Mix well hot potatoes, sugar, salt, eggs and fat. Soak yeast in 1/2 cup water, then add other cup of water and work in 4 cups flour. Beat for 5 minutes, then work in other 4 cups of flour. Knead well until dough is soft. Let rise 1 hour and punch down, then let rise 30 minutes. Form into rolls and let rise in pan for 1 hour. Bake in modest oven for 20 minutes. Can be put in icebox and baked as desired.


----------



## Russellkhan (Sep 23, 2009)

Sounds tasty! Will try it soon.


----------



## babetoo (Sep 30, 2009)

Constance said:


> 1 cake yeast
> 1 1/2 cup lukewarm water
> 1/2 cup lard
> 3 eggs
> ...


 
how many rolls does this make?


----------



## Constance (Sep 30, 2009)

I'm guessing about 24, but I don't really know for sure. Do any of you regular bakers know how many rolls 8 cups of flour would make?


----------



## Russellkhan (Oct 3, 2009)

It really depends in the size you make your rolls. 8 cups of flour is two large loaves of bread, so I'd say that 24 rolls is a good estimate.


----------



## Chief Longwind Of The North (Oct 4, 2009)

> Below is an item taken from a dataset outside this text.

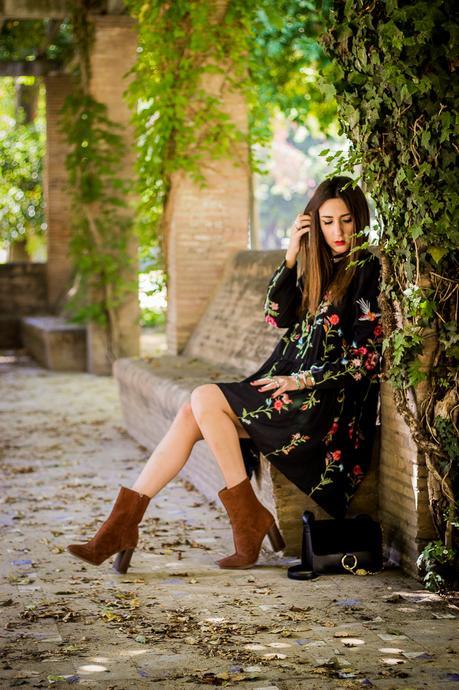 Paque De Maria Luisa--- Vestido Bordado Paque De Maria Luisa--- Vestido Bordado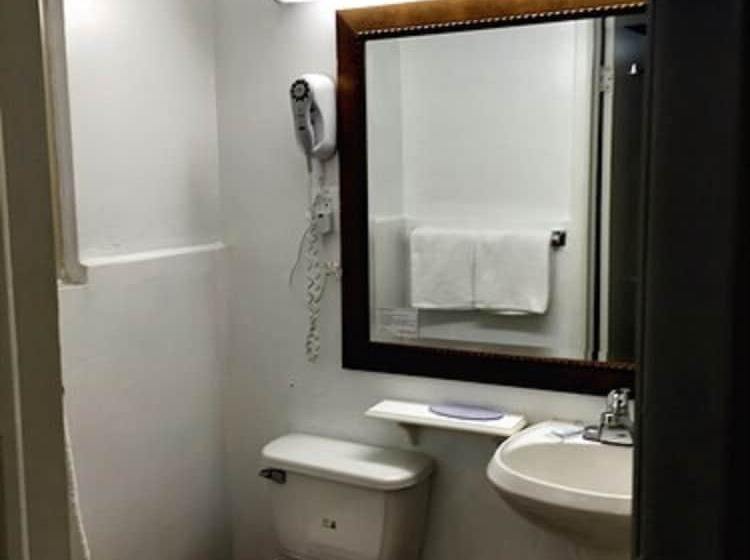 בית מלון כפרי Regal Inn & Suites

Wow.  I just posted before reading this thread, looking for a recipe very similar to this.  I'm guessing that if I substituted butter for the lard, I'd have my D.I.L.'s recipe.

Constance, thank you very much.

Seeeeeeya; Goodweed of the North


----------



## Constance (Oct 4, 2009)

Glad it's what you needed! I think Grandma actually used Crisco. She was really pretty modern for her day.


----------



## Wyogal (Oct 4, 2009)

O.K., you've seen the thread!! haha!


----------



## Soma (Dec 6, 2011)

These look intriguing!....I love potatoes too.

but

1. does everyone here know:
what is an "icebox"? My grandpa had one at his cottage - kept ice blocks in the top, cut from the lake in winter, in a shed, covered in sawdust. Would put the blocks into the top of a sort of 'fridge'...which was a.cupboard lined with steel or tin....was too young to know what the metal was...ice in top part, .food in the bottom part (just like a refrigerator today, but no electricity required).

2. can one still buy *cakes *of fresh yeast? I haven't seen any in years. I suppose dry can be substituted...?


----------